Winther declined to specify what presentations and discussions the trio might be featured in during the summit.
“We will attend a few events,” he said. “I can’t go into details because they have not been publicly announced yet.”
Steen was the leader of this year’s six-month Norwegian Youth Sea Ice Cruise (NICE-2015), one of the institute’s most ambitious projects ever. Numerous global leaders, including UN General-Secretary Ban Ki-moon, have visited the archipelago during the past year to observe the effects of climate change before the summit.
Kim Holmén, a Longyearbyen resident and international director for the institute, stated in an e-mail interview the NICE expedition will be the central element of a side event at the summit. While he has often served as a host for many of the visits to Svalbard by international dignitaries, he is not attending the summit due to other commitments while it is taking place.
The summit is proceeding as scheduled, but the French government is banning protests, marches and other “outdoor activities,” raising furious objections from environmentalists who are vowing “new and imaginative” ways of being heard. While some analysts and commenters have stated that may put a serious crimp in the spirit and likelihood of reaching meaningful agreements at the summit, others argue the goals of the protests are unrealistic and familiar to summit participants, who are already entering with what might be called mixed expectations this summit will prove more meaningful than past gatherings subsequently criticized as ineffectual.

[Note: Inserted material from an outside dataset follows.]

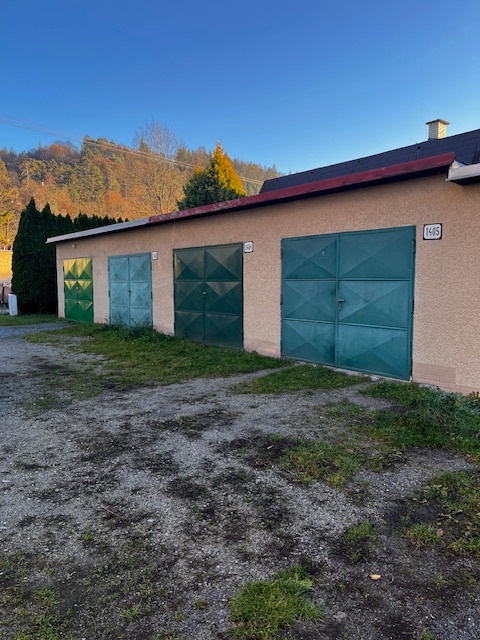 Predaj - 3 izb. byt s garážou v kúpeľnom meste Sliač - 8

The attack has provoked debate about what, if any, links climate change has to terrorism. Winther said he doesn’t see a direct connection.
“Indirectly there are a lot of things that have an impact on society including climate change,” he said. “Specifically, we know some parts of the world are experiencing heat waves that affects agriculture and if we follow those changes it can lead to social instability. Some regions of the world will experience more drought in the future.”